# Instructions to follow
Return the stretch from the line with "Jean Chains for" through the line with "DREAMADE Kinderküche Holz" in the data below, character for character, skipping all pictures.

# Provided information
=== Section Start ===

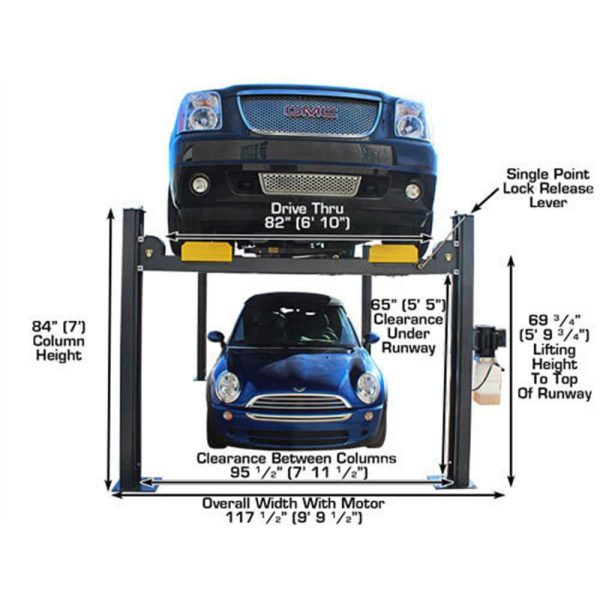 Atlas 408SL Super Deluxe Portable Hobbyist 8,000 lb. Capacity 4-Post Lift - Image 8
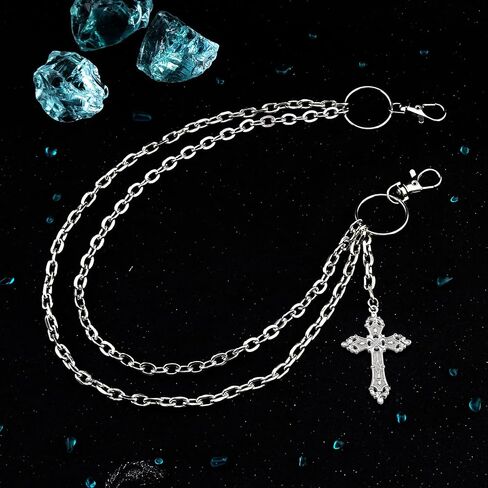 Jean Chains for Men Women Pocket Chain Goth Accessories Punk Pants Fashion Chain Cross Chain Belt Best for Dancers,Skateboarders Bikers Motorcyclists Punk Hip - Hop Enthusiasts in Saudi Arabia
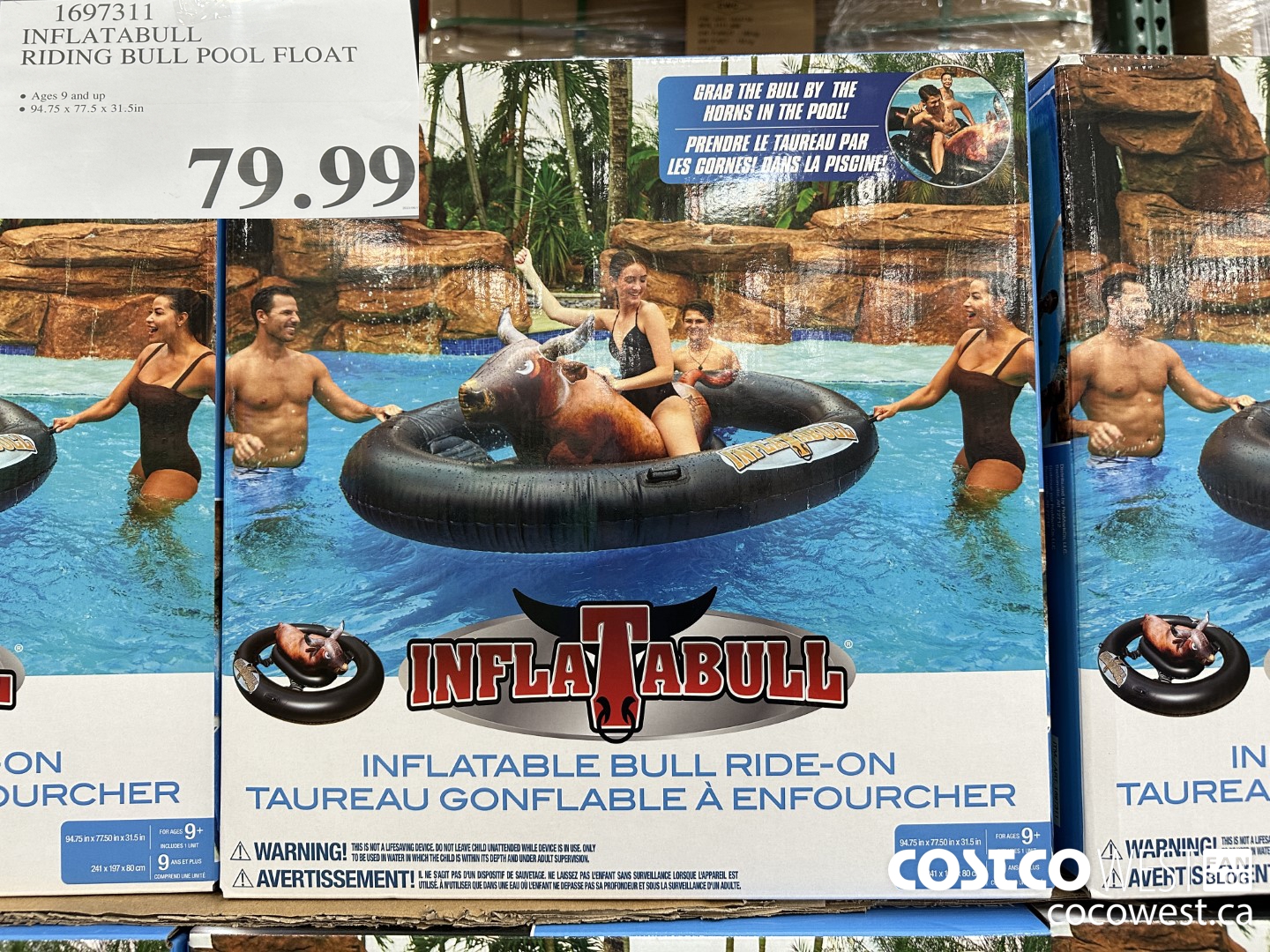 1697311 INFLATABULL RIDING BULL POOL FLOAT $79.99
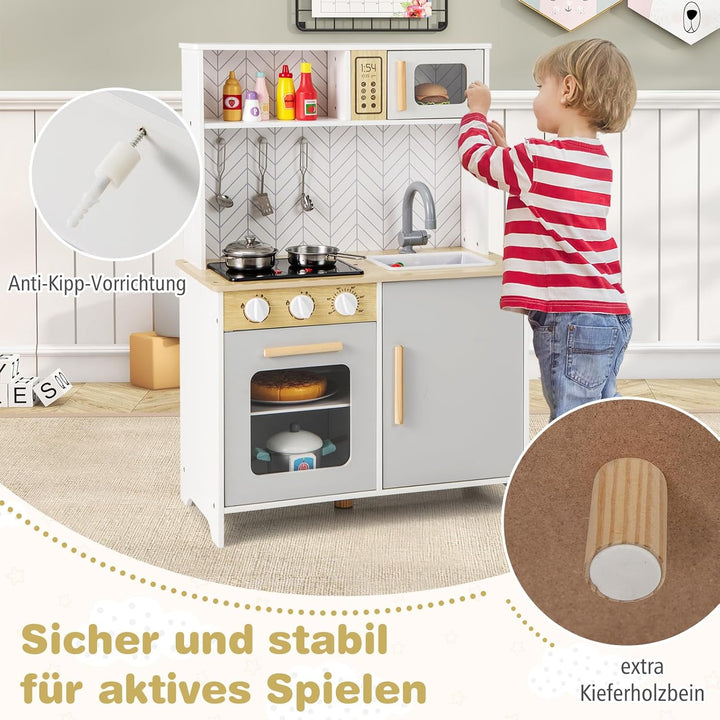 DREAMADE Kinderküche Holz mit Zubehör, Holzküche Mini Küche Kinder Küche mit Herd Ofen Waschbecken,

=== Section End ===
=== Section Start ===

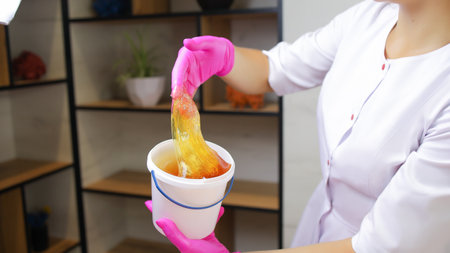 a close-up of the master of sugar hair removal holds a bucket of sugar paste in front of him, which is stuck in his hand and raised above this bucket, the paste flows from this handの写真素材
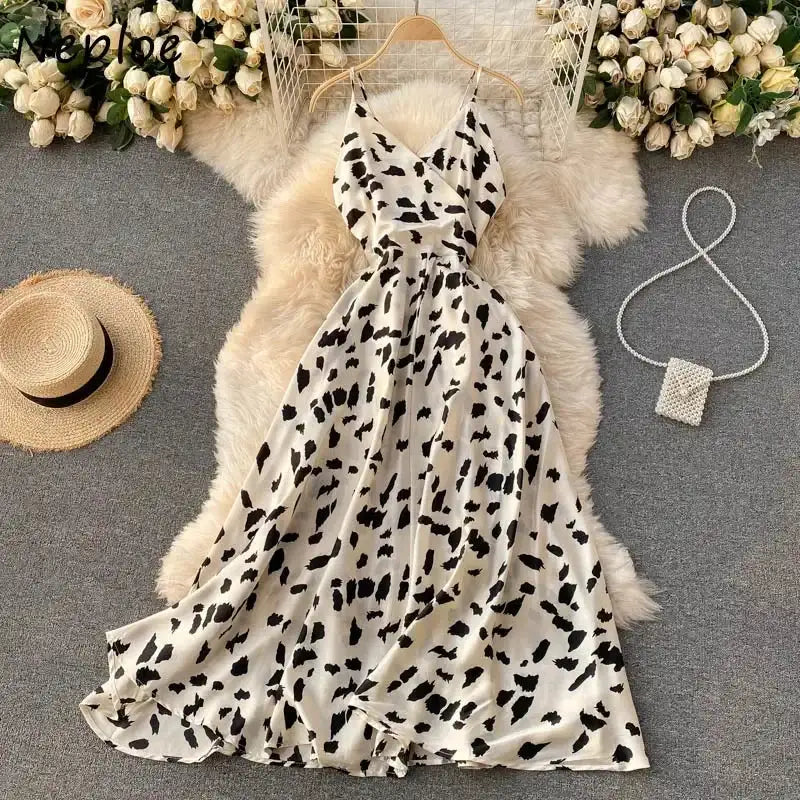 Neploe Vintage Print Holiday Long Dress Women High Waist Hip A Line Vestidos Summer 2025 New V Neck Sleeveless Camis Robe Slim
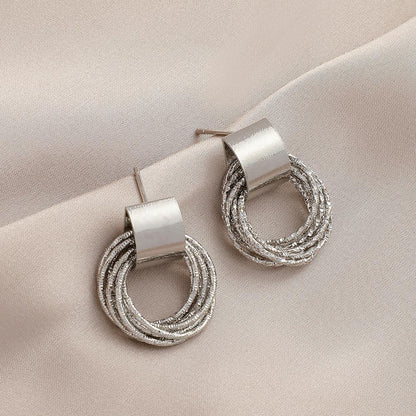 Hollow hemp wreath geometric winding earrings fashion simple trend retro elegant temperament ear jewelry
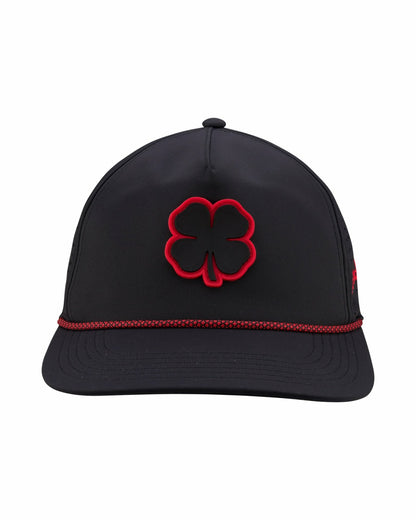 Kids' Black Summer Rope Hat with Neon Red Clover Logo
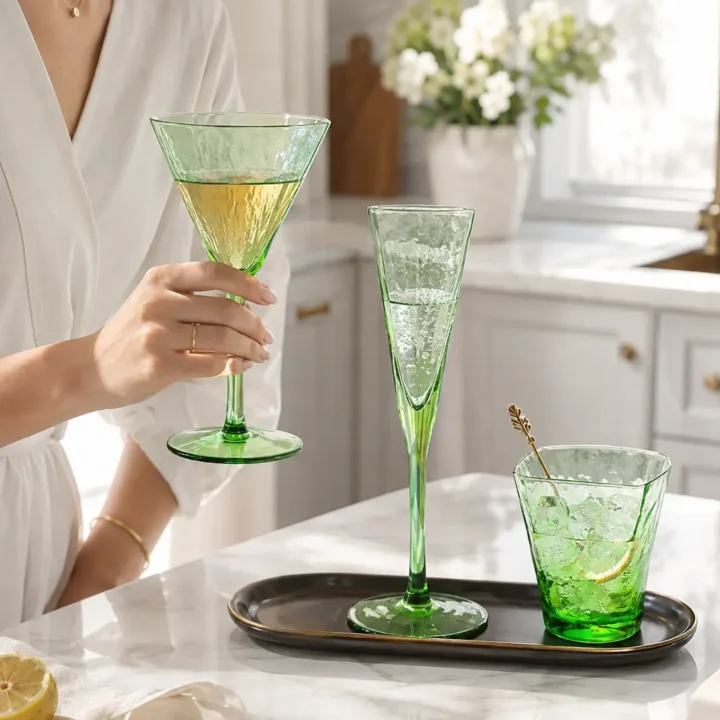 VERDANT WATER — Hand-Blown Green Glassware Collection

=== Section End ===

# Exercise answer
 Jean Chains for Men Women Pocket Chain Goth Accessories Punk Pants Fashion Chain Cross Chain Belt Best for Dancers,Skateboarders Bikers Motorcyclists Punk Hip - Hop Enthusiasts in Saudi Arabia
 1697311 INFLATABULL RIDING BULL POOL FLOAT $79.99
 DREAMADE Kinderküche Holz mit Zubehör, Holzküche Mini Küche Kinder Küche mit Herd Ofen Waschbecken,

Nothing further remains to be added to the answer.